18 Nisan 2024 Perşembe

 

                    HİNTİKKA MANTIĞINA GİRİŞ

Girişte söylediğimiz gibi Hinttika teoretik bir filozoftur; felsefenin pratik ve pragmatik olmayan bütün alanlarıyla ilgilenmiştir. Teoretik felsefe konularından biri de mantıktır; bu nedenle mantık onun başlıca ilgi alanlarından biridir.

Hintikka’ya göre felsefede mantıkla doğrudan veya dolaylı olarak ilgisi olmayan alanlar çok azdır;  mantıksal kavramlarımızdan bağımsız olarak analiz edilebilen kavramlar enderdir. Onda mantık problemlerini çözmek; mantığı semantik açısından geliştirmek ve teorik model teorileriyle yeniden biçimlendirmek bir tutkudur.  Hinttikka modeller  teorisine dayanarak, modal (olasılık, zorunluluk) sorunları ve önermesel tutumların (inanç, bilgi) ortaya çıkardıkları problemleri çözer;  bilgi kavramına ilişkin mantıksal ve semantik araçlar kullanarak felsefe sorunlarını yeniden ele alır.

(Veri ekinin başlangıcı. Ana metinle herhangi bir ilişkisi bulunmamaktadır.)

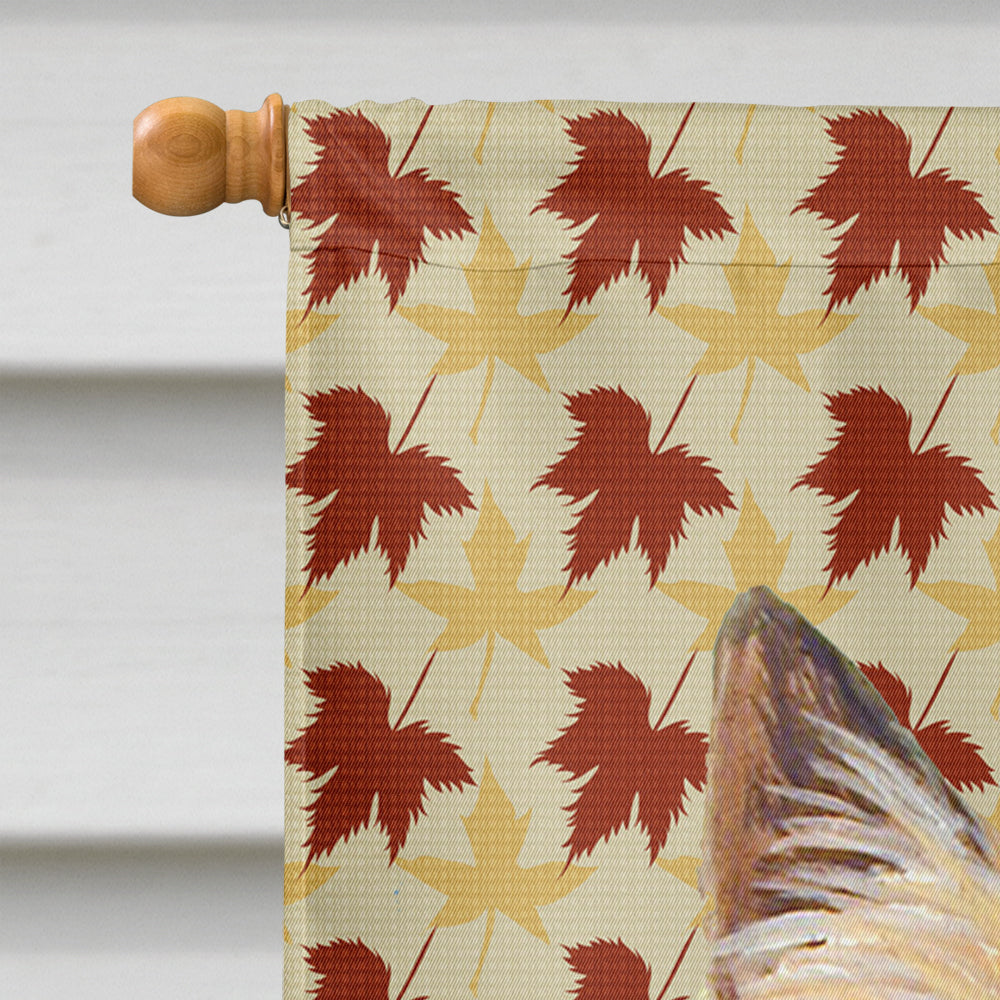 Cairn Terrier Fall Leaves Portrait House Flag 28x40 Porch Sleeve Pole Decorative Outside Yard Banner Artwork Wall Hanging, Polyester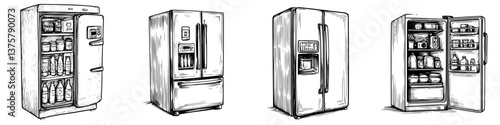 Different styles of refrigerators showcasing various designs and functions for kitchen home use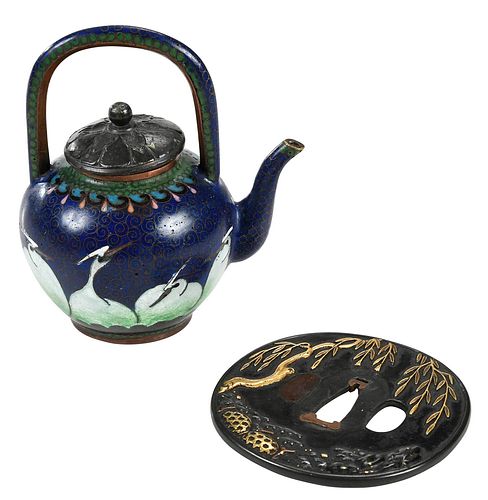 TWO JAPANESE OBJECTS TEA POT AND 376775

 Hintikka’nın ilk çalışmaları Carnap sonrası semantik dönemin etkisindedir. Bunlarda dil, doğruluk terimleri kullanarak dünyayı betimleme aracıdır. Filozof mantıkta iki amaç kabul eder:

1. Dilin betimsel fonksiyonlarının analizini gerçekleştirmek,

2. Modal kavramları analiz etmek.

Hintikka ilk amacına ulaşmak için Carnap’ın nesne durumlarına benzer “Hintikka bütünleri” de denen modal-set kavramından yararlanır.

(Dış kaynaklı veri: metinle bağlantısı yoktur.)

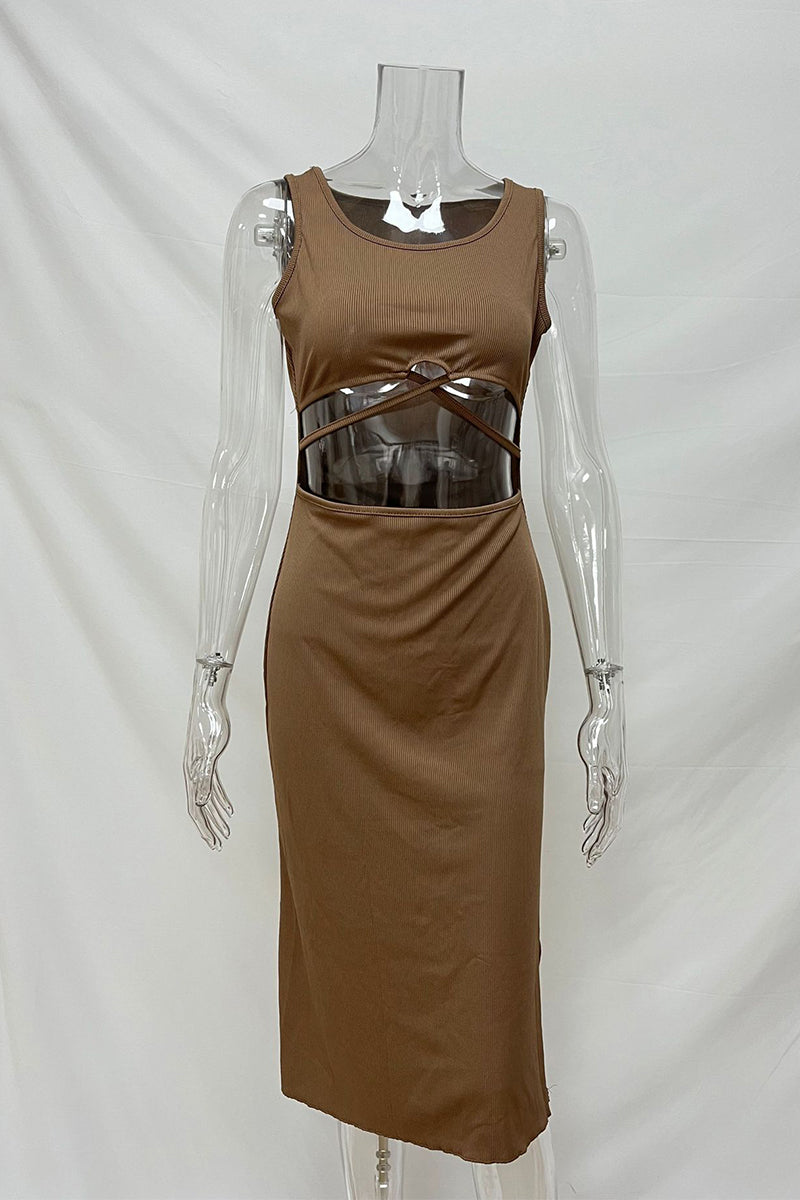 Color Hollow Out U Neck Wrapped Skirt Dresses(4 Colors)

Filozof 1955’ten itibaren temel mantığı için bir kanıt prosedürü olan model-set tekniğini uygular. Bu model set tekniğini hem mantıksal doğruları göstermek için hem de nesnelere ilişkin doğrudan temellendirmek işin kullanır. O şunu açıkça ifade eder: Nicelenmiş bir formül bir model-setle birleşmişse tatmin edilebilir; eğer model setin öğeleri doğruysa model setten hareketle realitenin mantıksal bir ilgisi olan bir iş modeli oluşturmak mümkündür. Hintikka Tractatus’un resim teorisinin bir genişletilmesi olan nicelemeye ilişkin teorinin mantıksal bir yorumunu yapar.

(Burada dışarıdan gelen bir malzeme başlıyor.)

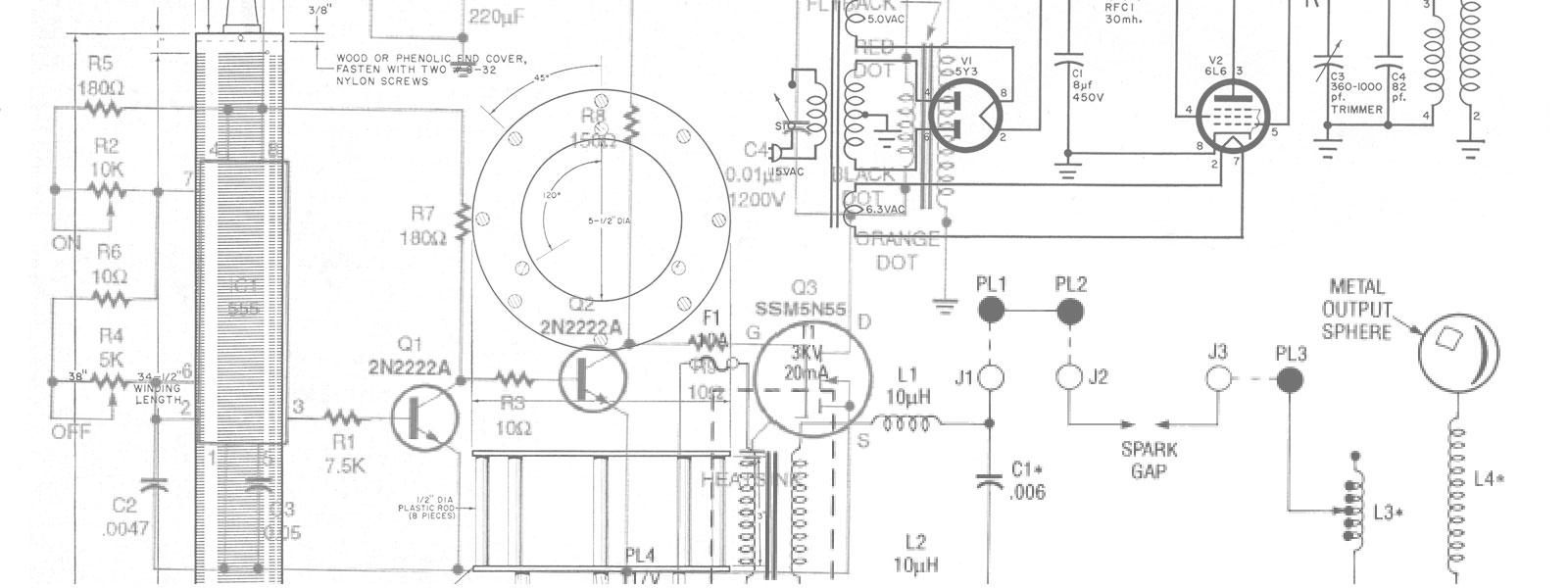 Schematics from Tesla coil plans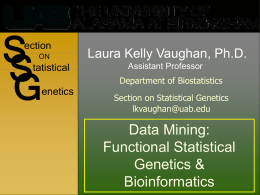 Data Mining - functional statistical genetics/bioinformatics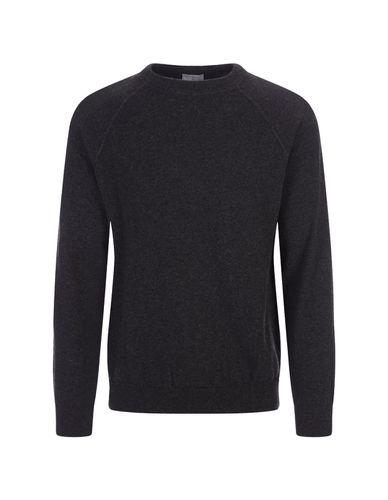 Anthracite Cashmere Crew-neck Pullover - Fedeli - Modalova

Hintikka 1962’den sonra epistemik mantıkla ilgili çalışmalarıyla önermesel tutumların analizine yönelmiştir. Epistemik mantığın temeli şudur: “A  biliyor (inanıyor) ki P.” şu anlama gelir: “P bütün mümkün dünyalarda A’nın bildiği  (inandığı) şeyle uyumludur.   

Şimdi bu bölümde Hintikka’nın mantığa dair olabildiğince ayrıntılı biçimde görmeye çalışalım.

Hintikka mantığı biçimseldir, biçimsel mantığa büyük katkılar yapmıştır; biçimselci tavrını sonuna kadar korur; biçimselelştirilebilecek her konuyu biçimselleştirir. Bilindiği gibi biçimsel mantık dil felsefesinin ve modern mantığın yöntemidir ve biçimsel dili kullanır. Biçimselliği bilindiği gibi ilk defa Frege kullanmıştır. Biçimsel mantıksal bir araç olarak analitik felsefede felsefi problemleri çözmek amacıyla kullanır. Hintikka da biçimsel dilin analiz aracı olması konusunda Fregeci geleneği izler; problemleri ortaya koyabilmenin en doğru yolunun biçimsel dile dökebilmek olduğunu düşünür. Bu dille ortaya konan problemler de ancak bu dili yani biçimselleştirmeyi kullanarak çözülebilir. Bu söylediklerimizden anlaşılmaktadır ki, Hintikka mantıkçı bir filozoftur.

O, bir yandan mantığın nispeten teknik konularıyla ilgilenmiştir Örneğin (normal dağıtıcı biçimler ( formes normales distributives) (önermedeki “ve” “veya” gibi ifadeler),  referansın belirsizliği, mantığın sınırlanamazlığı, oyunlar semantiği (la sémantique des jeux) sorular cevaplar semantiği, (sémantique des questions-réponses). Onun diğer yandan epistemolojiye büyük katkısı olmuştur; bilgi ve inanç kavramlarını “mümkün dünyalar” semantiğine dayanarak analiz etmiştir.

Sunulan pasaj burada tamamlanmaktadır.